Reading Ruby with New Americans

Ruby Nell Bridges at age 6, was the first African American child to attend William Franz Elementary School in New Orleans after Federal courts ordered the desegregation of public schools.

One of the jobs I cherish doing is bringing NH Humanities’ book discussion programs to English Language Learners.I met with Christine Powers’ class of adult learners in Salem, New Hampshire this spring. They were all new Americans and also mothers. We met in the school where their kids go. Together we read a series of illustrated biographies including The Story of Ruby Bridges by Robert Coles, the psychologist who wrote The Moral Life of Children.

I discovered Robert Coles’ The Moral Life of Children, years ago. For the book, he interviewed many children including Ruby Bridges, six years old. A New York Times reviewer explained Coles book like this, ”’No one teaches children sociology or psychology,” Dr. Coles remarks; ‘yet, children are constantly noticing who gets along with whom, and why.’ His tales are about what they have noticed, and how it affects them.” Ruby Bridges told Robert Coles about the mobs of people screaming hate at her as she crossed in front of them to go to school:

”They keep coming and saying the bad words, but my momma says they’ll get tired after a while and then they’ll stop coming. They’ll stay home.”

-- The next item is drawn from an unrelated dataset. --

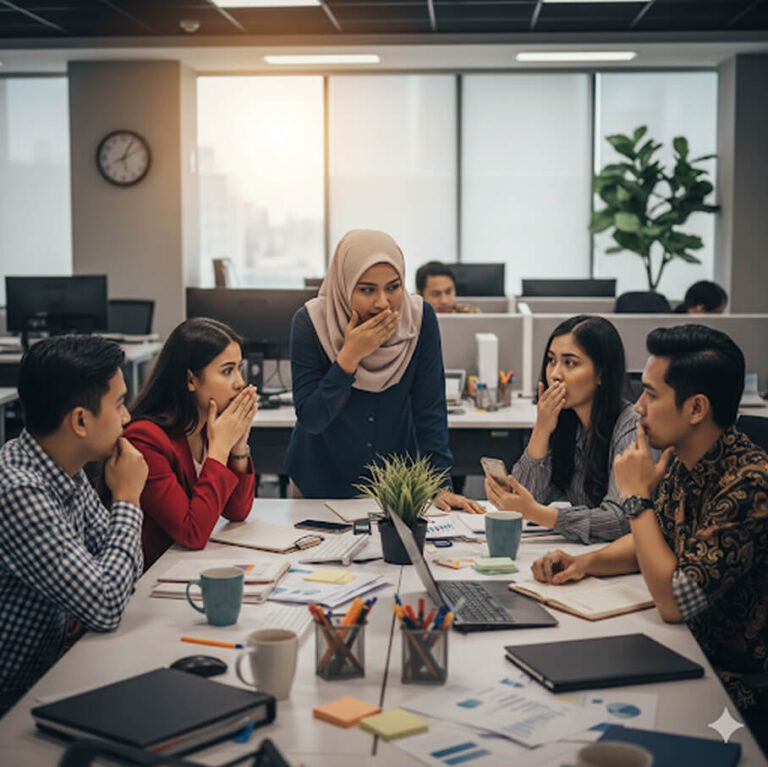 Othman bin Marzuki v Loyang Ekuiti Sdn Bhd & Anor [2024] MLJU 529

It was powerful reading about social justice issues in the U.S. with women from Pakistan, India, Lebanon, Vietnam, and Latin American countries. They are all mothers and know the power of family words. I stayed only for a short time, but Chris and her students kept delving into the book and the questions it asks of us and what we say to our kids.

In this new language of English, each student wrote a cinquain poem.

Here’s one:

Ruby Bridges

Religious Brave

Reading Praying Talking

“I was praying for them.”

Love.

Thank you, Chris Powers and all the women in your class for our time together.

 

We Yearn: The Matchbox Diaries

 

matchboxdiariesI lead book club discussions with English language learners. Today I’m beginning to post images from books we read along with a taste of our discussions.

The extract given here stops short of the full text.